To remove growth factors from cultured erythroblasts, cells on days 5 to 7 of culture were pelleted by centrifugation at 350g for 5 minutes and then washed and pelleted 3 times in phosphate-buffered saline (PBS; Life Technologies). Cells were then returned to IMDM and 10% FCS. For stimulation time courses, cells were kept without growth factors for 2 hours before stimulation with either 20 U/mL Epo or 100 ng/mL SCF, or both together. Where indicated, cells were incubated for 15 minutes with LY294002 (25 μM), U0126 (10 μM), or PD98059 (50 μM) before growth factor stimulation. At the time points shown, cells were pelleted rapidly (2000g for 30 seconds) and then resuspended in ice-cold lysis buffer.
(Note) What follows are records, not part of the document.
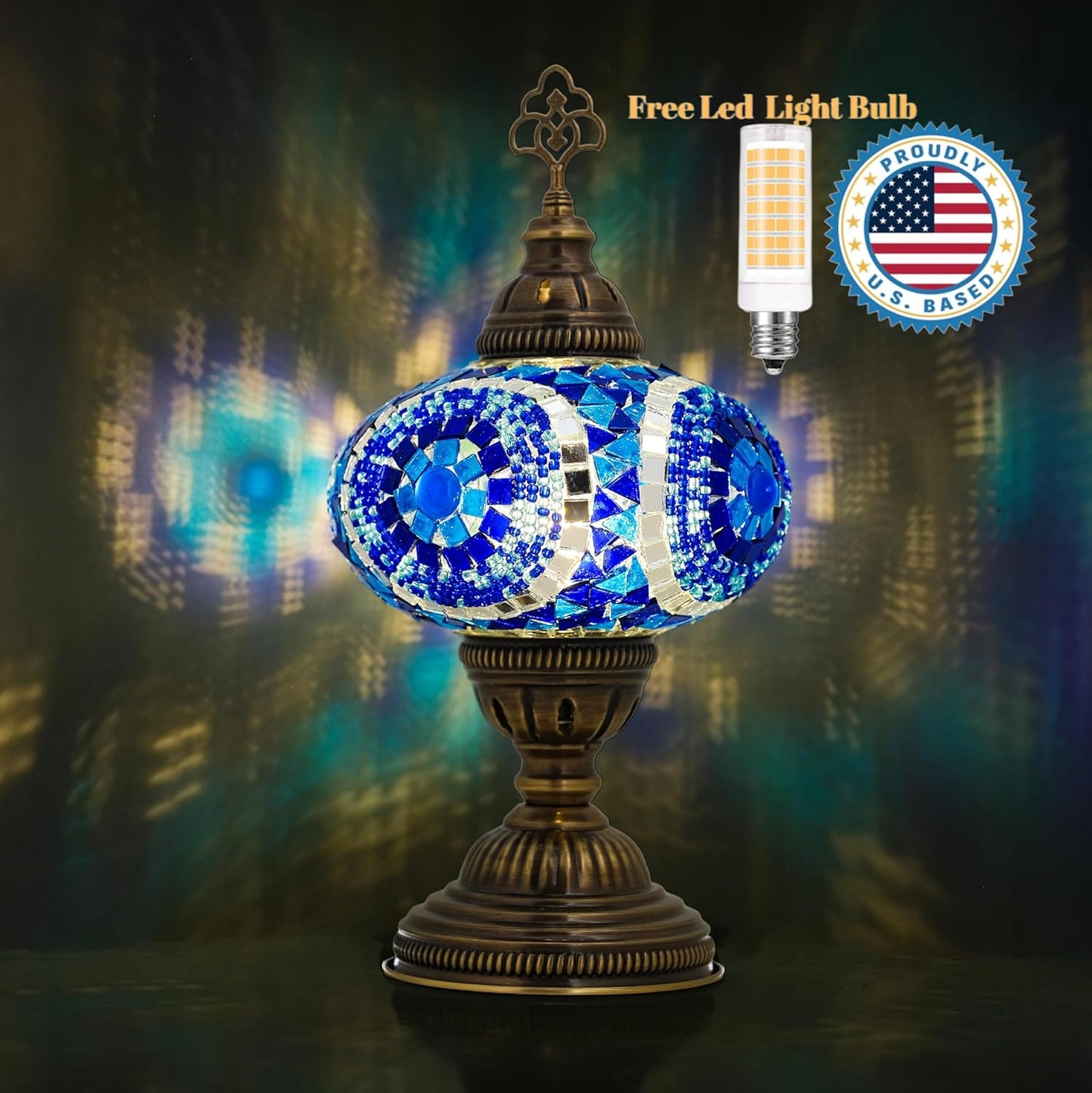 Mozaist Turkish Lamp, Mosaic Table Lamp, Antique Moroccan Decorative Glass Bohemian Vintage Lamp Shade, Small Desk Tiffany Bedside Stained Glass Lamp with US Plug and E12 Socket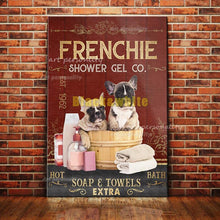 Carica l&#39;immagine nel visualizzatore della Galleria, Targhe in metallo in metallo Bulldog francese Sapone da bagno Bagno Soggiorno Amante dei cani Decorazione della parete della casa Art Poster Decor 8 X 12 pollici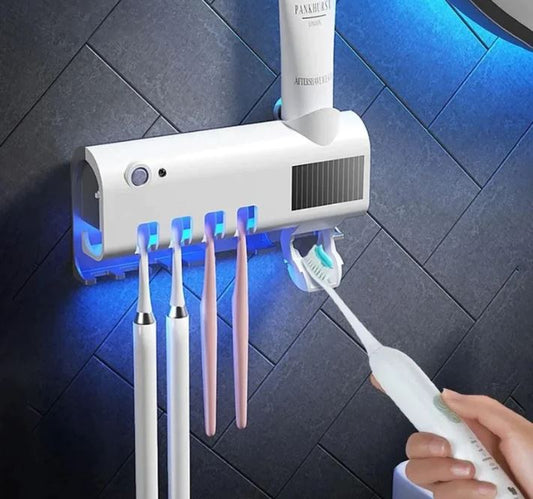 PORTA CEPILLO DISPENSADOR DE CREMA DENTAL CON ESTERILIZADOR  UV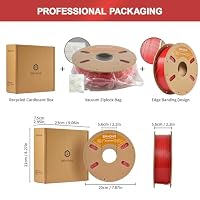 ERYONE PETG Filament 1.75 mm, 3D Drucker Filament PETG, +/- 0.03 mm, 1kg 1 Spule, Rot – Ansicht 6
Lysates were resolved with sodium dodecyl sulfate-polyacrylamide gel electrophoresis (SDS-PAGE) on 10% acrylamide gels and transferred onto nitrocellulose membranes as described.23 Membranes were incubated with primary antibodies (diluted 1:1000 in PBS and 3% bovine serum albumin [BSA; Sigma]) overnight at 4°C, washed 4 times with PBS and 0.1% Tween, and then incubated for a further 60 minutes at room temperature with the appropriate secondary horseradish peroxidase–conjugated antimouse or antirabbit antibody (Amersham, Arlington Heights, IL) at a dilution of 1:10 000 in PBS and 3% BSA. After membranes were washed a further 4 times, protein bands were photographically visualized with enhanced chemiluminescence (ECL or ECL Plus; Amersham).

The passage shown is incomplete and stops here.